SOS General Terms and Conditions
All orders for the product/equipment (hereinafter called
“Product/Equipment” manufactured or supplied by
SOS Customer Services Inc. (hereby called “SOS”)
shall be subject to these conditions of sale. No modification
or additional conditions will be binding upon SOS unless agreed
to in writing and signed by an authorized officer of SOS.
A) Quotations:
All quotations are only valid when signed by an authorized
officer of SOS, are subject to change without notice and are
valid for a period of 30 days from the date shown on the face
thereof. After expiration of this period, all quotations are
subject to confirmation.
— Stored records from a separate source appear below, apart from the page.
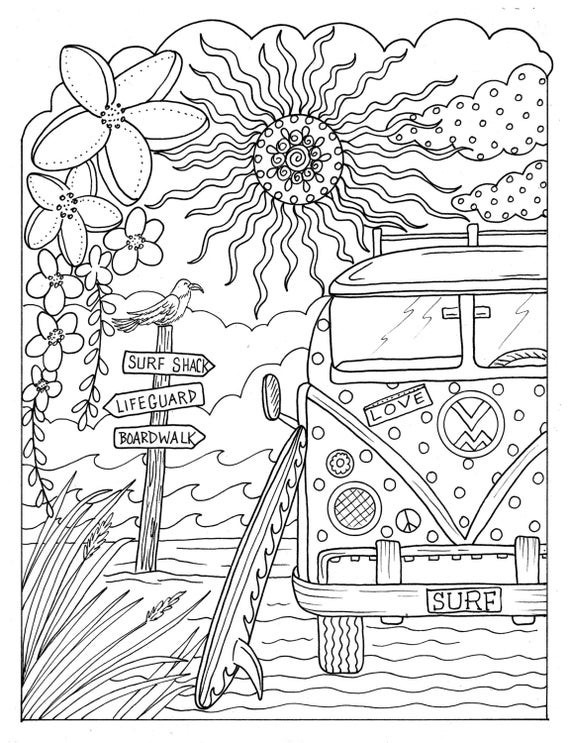 108 Beach Coloring Pages Printable 43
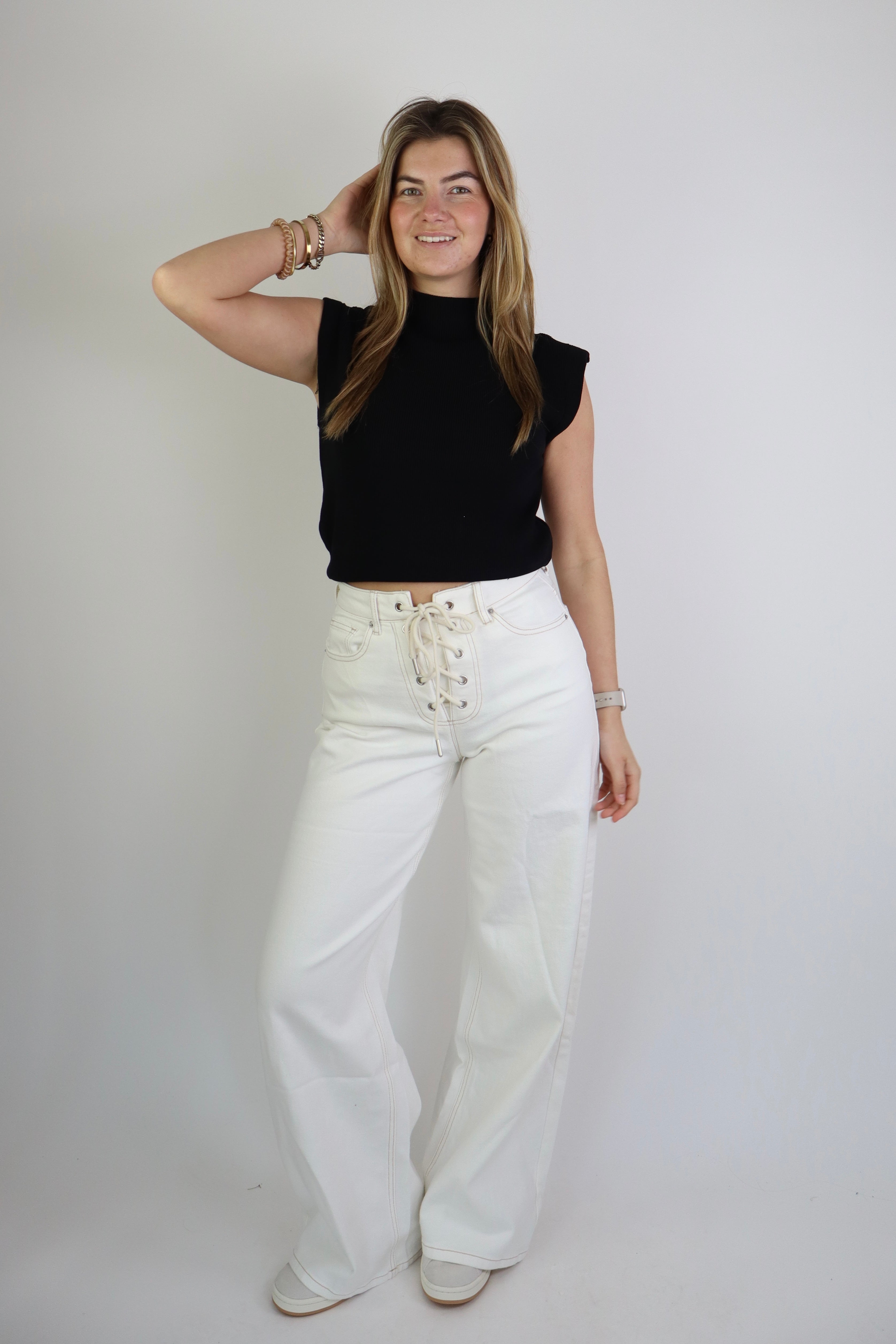 Wide Leg Jeans Rope White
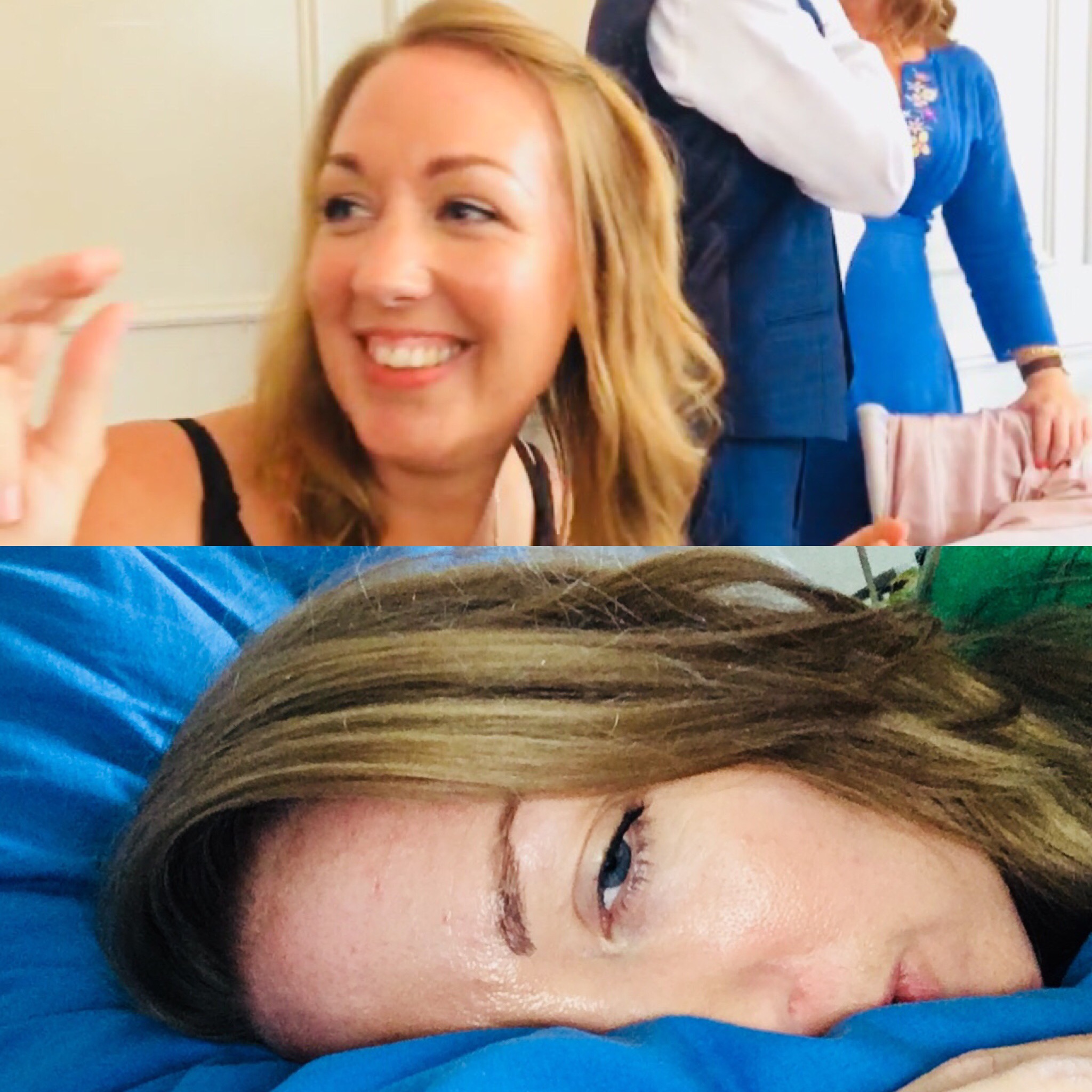 A collage of two images, one a photo of the writer at the wedding. The other of her exhausted in bed.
It is understood that stenographic
or clerical error are subject to correction.
B) Terms
All invoices for hoists, components, drives and parts shall
be due and payable within 30 days on shipment or notification
of readiness to ship or upon installation of goods. These
terms or those shown in the quotation apply only if the Purchaser’s
credit is acceptable to SOS, the Purchaser hereby consents
to a third party credit check. Down payments or progress payments,
are due payable immediately from the date of rendering the
invoice. The Purchaser expressly agrees to pay applicable
storage charges from the date originally foreseen for shipment
until the actual date of shipment. SOS reserves the right
to charge on all overdue amounts at 2% per month for delayed
payments and the Purchaser expressly agrees to accept these
charges. If at the time of shipment the financial responsibility
appears unacceptable to SOS, the Purchaser recognizes the
right of SOS to insist upon cash payment for all outstanding
amounts. All payments are to be made at SOS place of business
specified in the quotation.
C) Delivery
Any shipping dates are approximate only, but SOS will attempt
to meet them, where possible. SOS shall not be liable for
delays in manufacturing or delivery or failure to manufacture
or deliver due to causes beyond his reasonable control. SOS
reserves the right in the event of late or non payment of
any invoice amount, to alter production/supply schedule or
to withhold shipment of goods until satisfactory settlement
of account between the Purchaser and SOS. SOS will not accept
any penalty clause contained in any specification submitted
by a Purchaser unless an authorized officer of SOS specifically
agrees to such clause in writing.
D) Acceptance
No order shall be binding upon SOS until accepted in writing
by an authorized officer of SOS.
E) Changes
SOS will not accept changes to specifications subsequently
to the acceptance of any order unless such changes are requested
in writing and the Purchaser agrees to pay, in addition to
the original purchase price, a sum to be fixed by SOS. The
amount of such sum shall be computed by reference to the additional
cost of modifying partially or completely manufactured Product/Equipment.
F) Cancellation
Any order placed with, and accepted by SOS is not subject
to cancellation by the Purchaser, unless an authorized officer
of SOS to the contrary signs an agreement. In case of cancellation
is agreed to by SOS, the Purchaser agrees to pay to SOS cancellation
charges based upon already incurred expenses and commitments
made by SOS.
G) Taxes
All prices quoted in the quotation are exclusive of all Federal
and Provincial Taxes payable in respect of the sale of Product/Equipment,
unless otherwise specified in the quotation. Federal and Provincial
taxes payable are to be borne solely by the Purchaser.
H) Risks
Product/Equipment shall be at the risk of the Purchaser from
the time of delivery to the carrier and the risk of loss from
theft, mysterious or unaccountable disappearance or any other
cause other than the negligence of SOS, shall be solely that
of the Purchaser. The Purchaser agrees to procure and keep
in force, until full and final payment of the order, comprehensive
insurance for an amount at least equal to the purchase price,
with loss payable to SOS of the Purchaser as their interest
may appear and provide proof of such insurance to SOS.
I) Title
Title to the Product/Equipment sold hereunder and the additions
thereto and the right to possession thereof shall not pass
from SOS to the Purchaser until all payments have been fully
made by the Purchaser. In the event of failure of payment
SOS may immediately enter the premises where the said Product/Equipment
is located and seize possession of and remove the same and
may retain any partial payments already received as rental
charges for the used of the Product/Equipment without affecting
any further claims which SOS may have against the Purchaser.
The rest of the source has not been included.